That was painful. I was rooting for the guy but it just got hard to watch. Is it possible that this performance is further fallout from the tragic disaster last week in Japan? I haven't seen The Situation try and fail at something this badly since he lost his bid for Sammi (Speaking of Sammi, wait until you see what I have for you in a little bit) to a roided out crybaby. This is the most clueless The Situation has been since he banged out a girl on a bed of cheese. The Situation has a better chance at passing for under 30 than he does at being remotely funny. Oh hey look, I just came up with 3 better jokes than The Situation had all night. 4.

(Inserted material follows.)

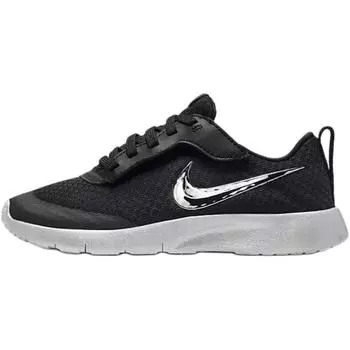Nike Tanjun SE EasyOn Black Smoke Grey Photon Dust Metallic Silver (PS) Детские кроссовки FZ1016-001 28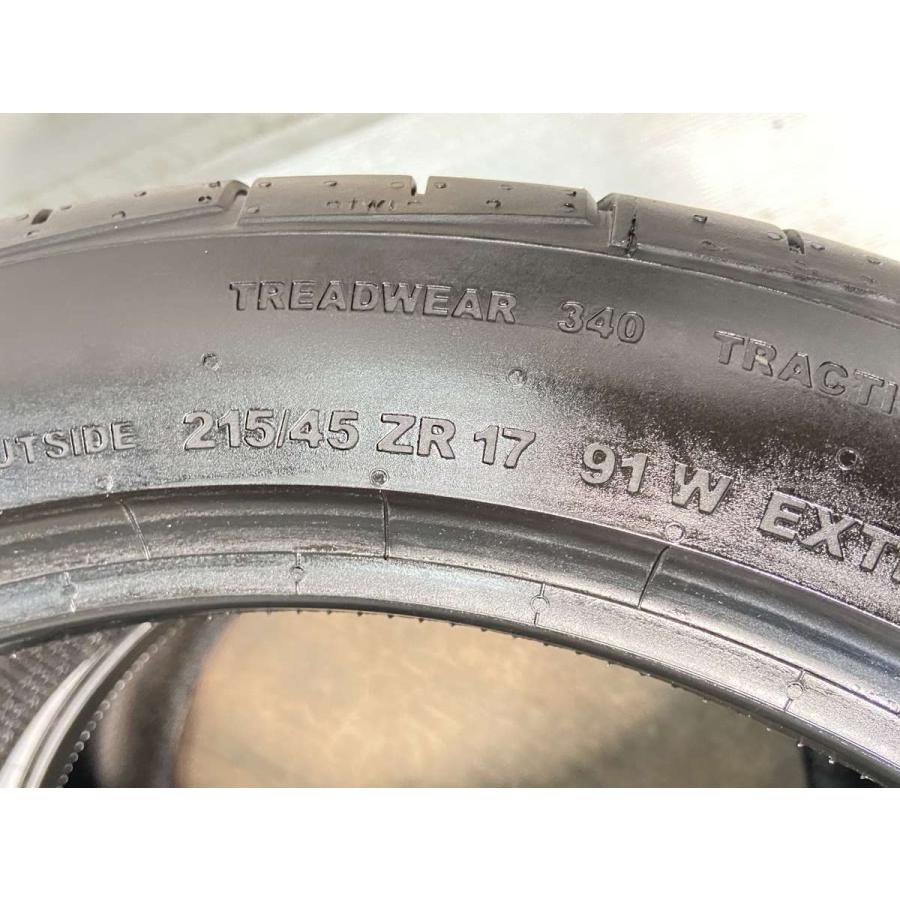 中古タイヤ サマータイヤ 2本セット  215/45R17  コンチネンタル コンチマックスコンタクト MC5 | コンチネンタル | 03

Honestly it must be ridiculously easy to be his writer. All you have to do is give the people what they want and that is for him to look like a huge doucher. You just have to have him talk about banging chicks, making bank with minimal effort, have him say "bro" 47 times and give him a few pranks to pull during the show. "Yo, send those girls to New York City." "GENUIS!"
The real crime though is how much he probably got paid to do that. He definitely got 6 figures, easy. Apparently Situation threw in a bunch of racial jokes that Comedy Central didn't air but they have leaked online and I have them here for you. You're welcome.
"Yo Snoop, what up dawg ... you know you have so much in common with Donald Trump? Trump's ancestors were into real estate ... and your ancestors were considered property."
"I'm not from New Jersey ... I was born in Staten Island which is a New York borough ... not to be confused with the burro Marlee Matlin blows onstage in Tijuana ..." He continued, "Relax, she didn't even hear it ... I mean hey, at least her mouth is good for something right? Hey, that was definitely some great work Marlee ... have you ever done anything else actually?"
"Larry King is rockin' the Armani diaper ... Seth MacFarlane is sporting Victoria's Secret ... panties. And Snoop is wearing a Louis Vuitton condom ... nah, I'm just kidding, he don't wear condoms, you know that!"
"I like Larry King ... he's a playa ... he actually wrote a book named 'Mr. King Is Having a Heart Attack' ... he got that title from a hooker he was fucking."
"Trump is a good looking dude ... if your eyes are like Marlee Matlin's ears."